--- Listed entries Enclosed Below ---
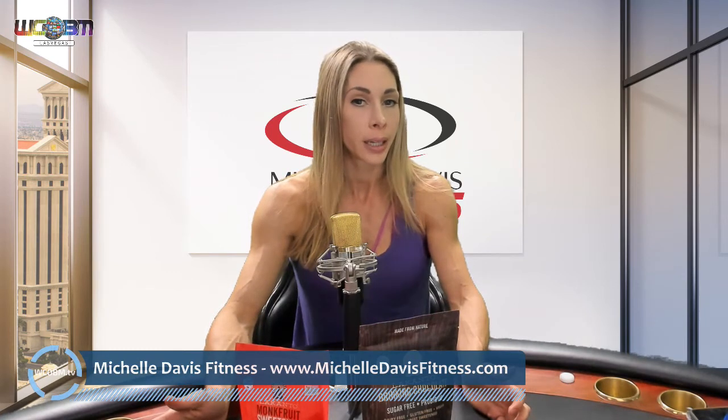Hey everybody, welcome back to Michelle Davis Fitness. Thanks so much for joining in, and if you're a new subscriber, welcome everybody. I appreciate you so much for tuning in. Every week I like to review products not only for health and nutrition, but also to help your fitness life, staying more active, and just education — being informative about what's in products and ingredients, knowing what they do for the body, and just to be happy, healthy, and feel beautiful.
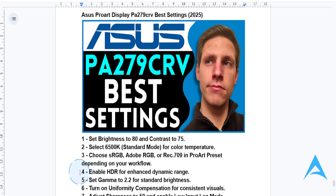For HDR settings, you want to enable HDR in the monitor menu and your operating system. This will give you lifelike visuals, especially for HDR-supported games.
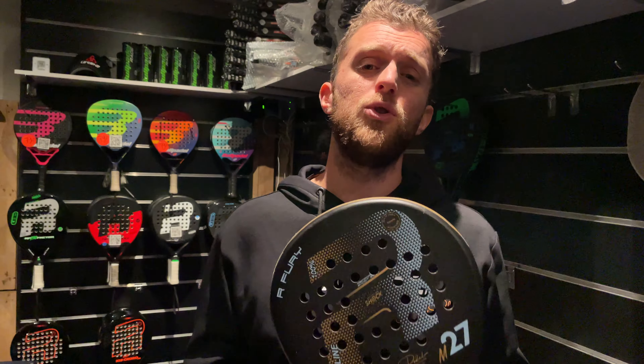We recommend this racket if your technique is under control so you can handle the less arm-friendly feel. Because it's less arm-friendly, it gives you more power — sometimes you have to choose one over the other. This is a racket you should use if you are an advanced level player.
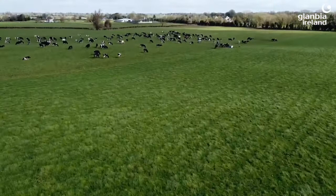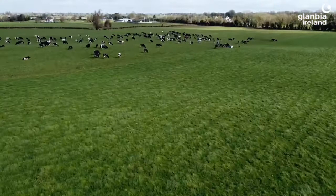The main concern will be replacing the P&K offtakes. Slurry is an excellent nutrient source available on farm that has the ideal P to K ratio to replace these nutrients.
--- End of Enclosed Listed entries ---
--- Listed entries Enclosed Below ---
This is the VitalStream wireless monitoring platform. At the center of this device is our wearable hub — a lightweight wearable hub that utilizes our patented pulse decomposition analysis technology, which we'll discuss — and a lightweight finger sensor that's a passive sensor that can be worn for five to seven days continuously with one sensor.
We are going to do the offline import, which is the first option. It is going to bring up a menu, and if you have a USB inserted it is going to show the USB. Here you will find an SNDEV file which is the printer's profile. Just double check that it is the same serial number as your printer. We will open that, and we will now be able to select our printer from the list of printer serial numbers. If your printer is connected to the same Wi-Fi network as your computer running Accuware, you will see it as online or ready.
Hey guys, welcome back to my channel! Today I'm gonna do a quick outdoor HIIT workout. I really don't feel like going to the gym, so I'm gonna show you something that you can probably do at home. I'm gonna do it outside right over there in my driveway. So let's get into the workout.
--- End of Enclosed Listed entries ---
■ Assignment
Take the records above and return, word for word, only the lines that fall from the line with "We are going" to the line with "Hey guys, welcome", both of them included.

■ Answer space
We are going to do the offline import, which is the first option. It is going to bring up a menu, and if you have a USB inserted it is going to show the USB. Here you will find an SNDEV file which is the printer's profile. Just double check that it is the same serial number as your printer. We will open that, and we will now be able to select our printer from the list of printer serial numbers. If your printer is connected to the same Wi-Fi network as your computer running Accuware, you will see it as online or ready.
Hey guys, welcome back to my channel! Today I'm gonna do a quick outdoor HIIT workout. I really don't feel like going to the gym, so I'm gonna show you something that you can probably do at home. I'm gonna do it outside right over there in my driveway. So let's get into the workout.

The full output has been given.